* [Assignment]: Among the lines below, restate word for word only those from the line with "全州咸水停电通知,全州东山停电通知最新" through the line with "Endowment Radar Map", with both end lines kept.

* [Extracted data]:
BEGIN

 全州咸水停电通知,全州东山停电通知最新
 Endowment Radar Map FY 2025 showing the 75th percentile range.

END
BEGIN

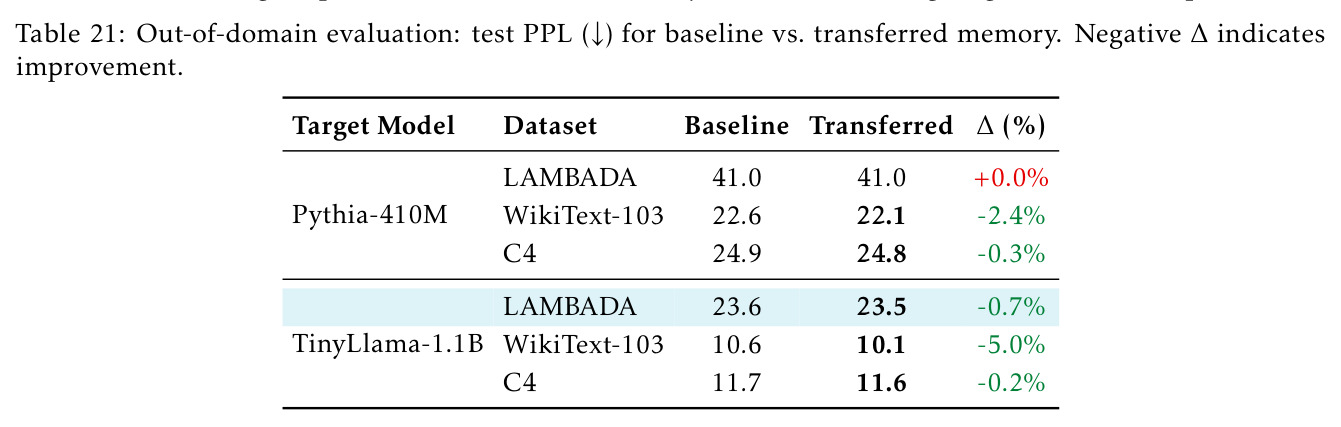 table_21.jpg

END

* [Task output]:
 全州咸水停电通知,全州东山停电通知最新
 Endowment Radar Map FY 2025 showing the 75th percentile range.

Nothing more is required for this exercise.